-- Opening Marker --
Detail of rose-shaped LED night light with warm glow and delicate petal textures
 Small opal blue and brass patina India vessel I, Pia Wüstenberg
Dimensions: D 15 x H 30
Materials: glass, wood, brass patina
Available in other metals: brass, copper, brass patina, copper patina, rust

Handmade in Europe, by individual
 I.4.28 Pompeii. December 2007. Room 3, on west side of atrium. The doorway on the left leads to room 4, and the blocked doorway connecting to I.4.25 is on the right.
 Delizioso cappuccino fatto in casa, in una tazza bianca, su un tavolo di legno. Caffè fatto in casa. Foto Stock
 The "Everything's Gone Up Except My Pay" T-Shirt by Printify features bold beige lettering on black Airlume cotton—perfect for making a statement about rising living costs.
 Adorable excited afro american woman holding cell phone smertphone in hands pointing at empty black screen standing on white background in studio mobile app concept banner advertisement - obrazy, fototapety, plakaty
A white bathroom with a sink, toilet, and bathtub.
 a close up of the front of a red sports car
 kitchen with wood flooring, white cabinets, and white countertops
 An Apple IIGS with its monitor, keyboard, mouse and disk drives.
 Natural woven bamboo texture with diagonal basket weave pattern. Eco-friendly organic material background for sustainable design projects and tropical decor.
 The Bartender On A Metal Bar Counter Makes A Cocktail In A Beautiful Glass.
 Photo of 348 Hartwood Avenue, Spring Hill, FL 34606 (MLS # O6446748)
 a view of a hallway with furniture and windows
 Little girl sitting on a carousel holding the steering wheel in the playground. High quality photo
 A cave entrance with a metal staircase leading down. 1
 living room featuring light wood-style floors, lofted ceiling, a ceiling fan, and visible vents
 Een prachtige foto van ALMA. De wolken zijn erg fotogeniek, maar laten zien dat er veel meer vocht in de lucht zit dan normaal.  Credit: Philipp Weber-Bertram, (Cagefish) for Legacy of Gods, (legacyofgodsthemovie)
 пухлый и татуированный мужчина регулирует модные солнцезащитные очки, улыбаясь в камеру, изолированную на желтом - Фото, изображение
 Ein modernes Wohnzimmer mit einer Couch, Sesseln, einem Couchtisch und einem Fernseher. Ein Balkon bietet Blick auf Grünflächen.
-- Closing Marker --
--- Activity ---
With the line that has "Materials: glass, wood, brass patina" as the first and the line that has "Handmade in Europe, by individual" as the last, repeat exactly that run of lines above and no more.

--- Result ---
Materials: glass, wood, brass patina
Available in other metals: brass, copper, brass patina, copper patina, rust

Handmade in Europe, by individual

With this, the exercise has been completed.